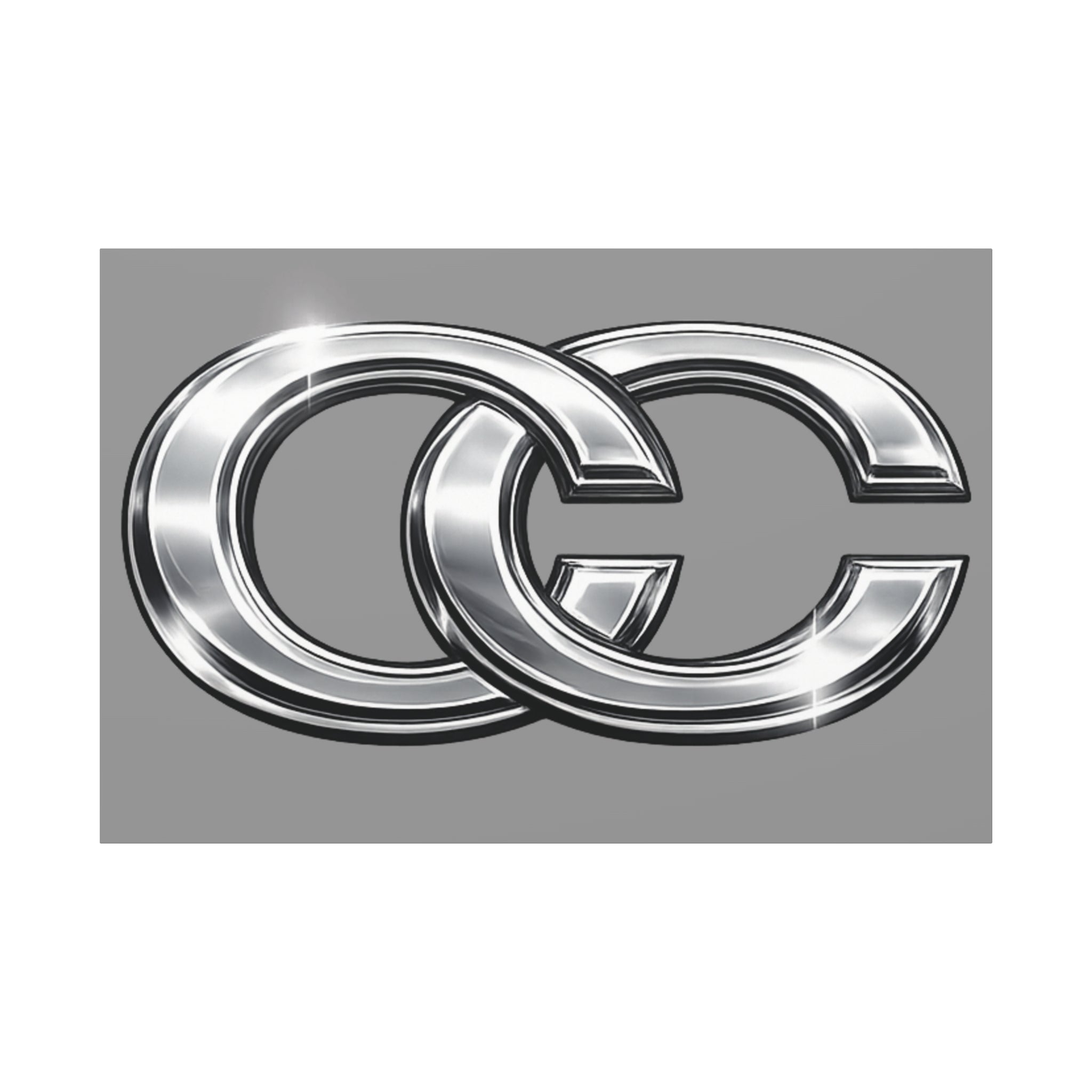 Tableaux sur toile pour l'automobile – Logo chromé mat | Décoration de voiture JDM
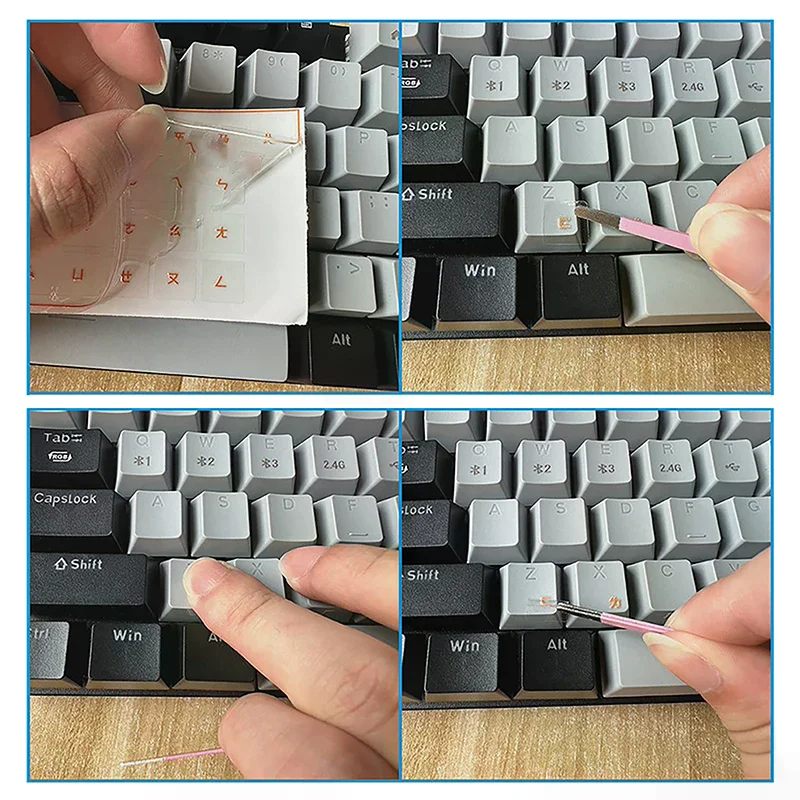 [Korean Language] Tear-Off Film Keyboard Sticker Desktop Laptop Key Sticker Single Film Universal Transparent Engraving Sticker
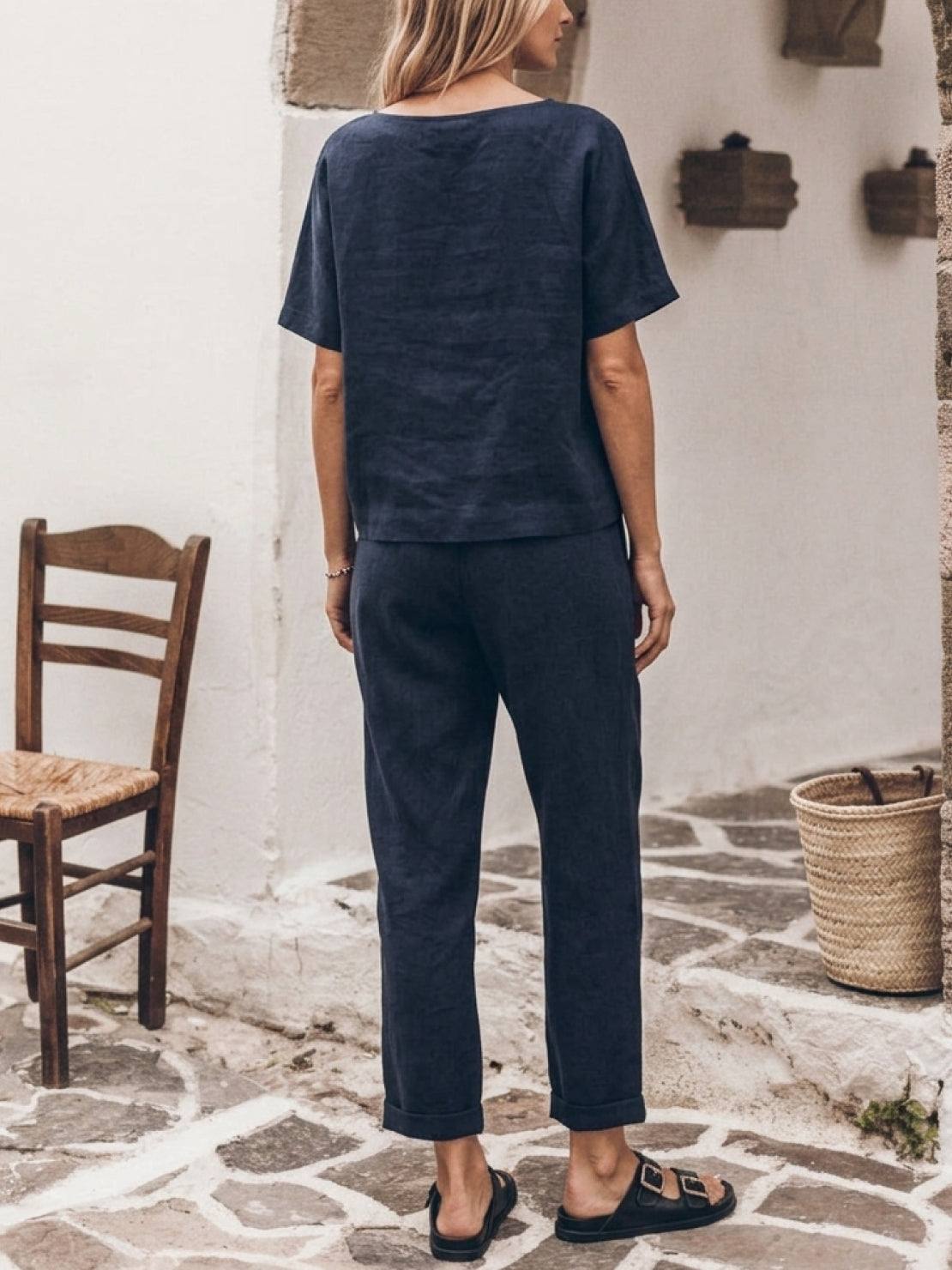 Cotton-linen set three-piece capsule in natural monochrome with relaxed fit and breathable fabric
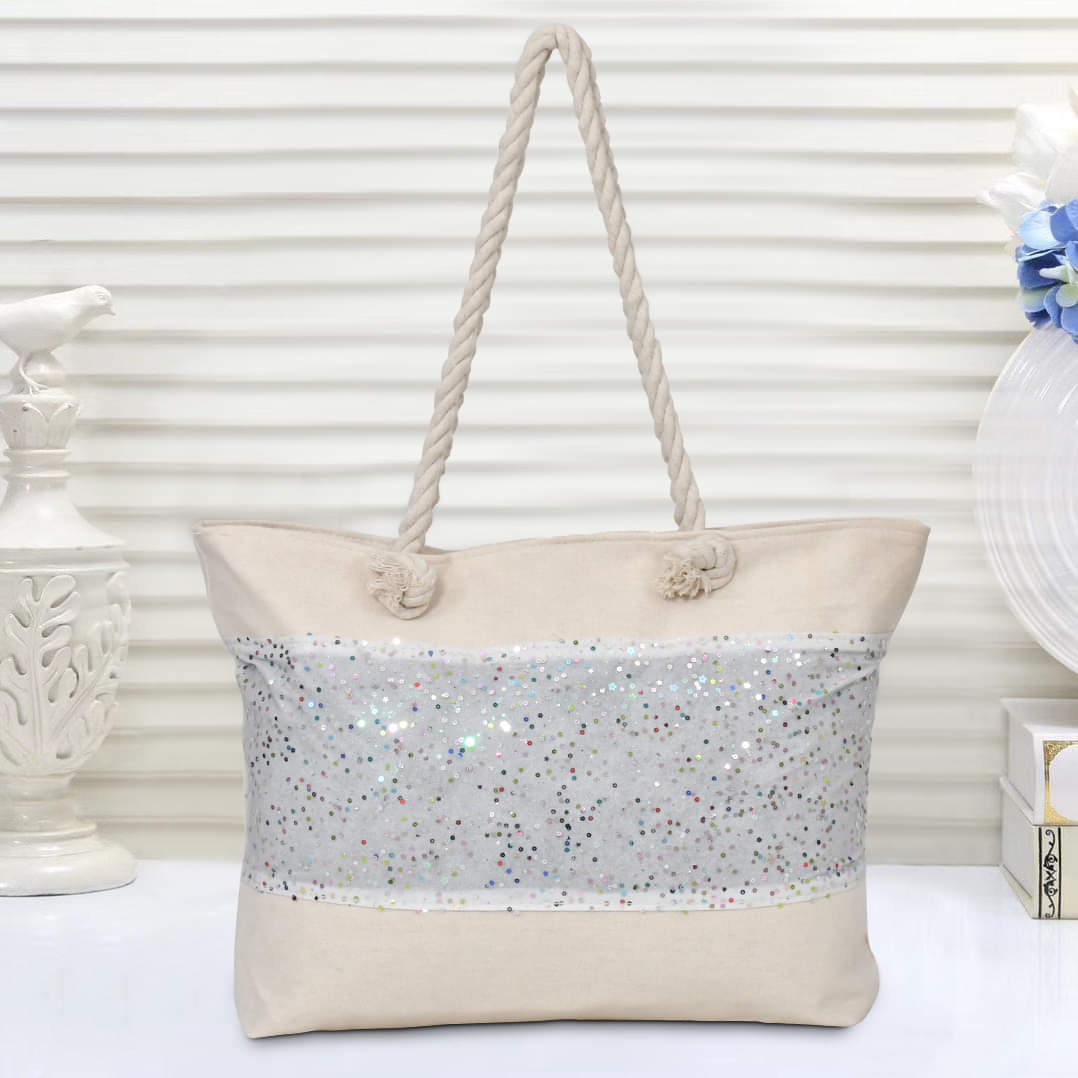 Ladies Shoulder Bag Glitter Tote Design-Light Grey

++++++++

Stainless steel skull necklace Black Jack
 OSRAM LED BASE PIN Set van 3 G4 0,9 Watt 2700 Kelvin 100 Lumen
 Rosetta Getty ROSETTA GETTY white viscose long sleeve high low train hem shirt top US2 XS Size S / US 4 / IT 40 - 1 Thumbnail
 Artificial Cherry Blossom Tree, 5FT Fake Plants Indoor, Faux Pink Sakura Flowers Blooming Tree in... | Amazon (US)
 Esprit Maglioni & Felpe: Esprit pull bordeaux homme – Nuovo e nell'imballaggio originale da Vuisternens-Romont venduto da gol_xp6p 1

++++++++

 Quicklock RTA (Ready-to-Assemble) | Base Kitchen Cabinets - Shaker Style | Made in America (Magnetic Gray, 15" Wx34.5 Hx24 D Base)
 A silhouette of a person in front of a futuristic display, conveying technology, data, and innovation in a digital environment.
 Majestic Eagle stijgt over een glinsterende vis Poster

++++++++

**WHAT IS BEING ASKED**
In the material above, the stretch from the line with "Cotton-linen set three-piece" through the line with "Ladies Shoulder Bag" is to be given again exactly, minus the pictures.

**RESULT**
 Cotton-linen set three-piece capsule in natural monochrome with relaxed fit and breathable fabric
 Ladies Shoulder Bag Glitter Tote Design-Light Grey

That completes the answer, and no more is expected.